Congratulations you just have a very expensive simulation of a Baysian function (ish, close enough that one should get the point).

tomrod•4h ago
Or Minsky's Society of Minds, Dennets Multiple Drafts, Gazzaniga's Social Brain, etc.
esafak•24m ago
&^ Everything, We're Doing Five Models.
gnulinux•4h ago
I'm curious if this would also improve small local models. E.g. if I "alloy" Qwen3-8B and OpenThinker-7B is it going to be "better" than each models? I'll try testing this in my M1 Pro.
ls-a•4h ago
If you do please report back
hobofan•1h ago
Would it really matter? Normally you use those small local models because you don't have the memory to spare for a larger model, so the real question would be: Is an alloy of Qwen3-8B and OpenThinker-7B better than a Qwen3-15B?
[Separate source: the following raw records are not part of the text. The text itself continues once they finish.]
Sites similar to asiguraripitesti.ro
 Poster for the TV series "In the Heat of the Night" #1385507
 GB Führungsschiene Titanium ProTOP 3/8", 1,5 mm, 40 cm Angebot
Beyond a certain smallness threshold it might also work to constantly swap in the models in and out of memory, but doubt that's a great experience to build on top of.

Incipient•1h ago
Haha every question involves multiple writes of 10gb to the disk. I think the cost of new SSDs would be less than getting more memory in the even short term.
hobofan•44m ago
Were you replying to the right comment? (Though I also don't see another comment where what your are saying makes sense)
Flux159•4h ago
From the article it mentions that they use a single chat thread but randomly choose between 2 different models (w/ best results from Gemini 2.5 / Sonnet 4.0 right now).

Are there any library helpers for managing this with tool call support or is it just closed source / dependent on someone else to make open source inside a different library?

tptacek•4h ago
It should be pretty simple to do, right? It shouldn't be that hard to abstract out tool calls.
refulgentis•4h ago
Its a godforsaken nightmare.

There's a lotta potemkin villages, particularly in Google land. Gemini needed highly specific handholding. It's mostly cleared up now.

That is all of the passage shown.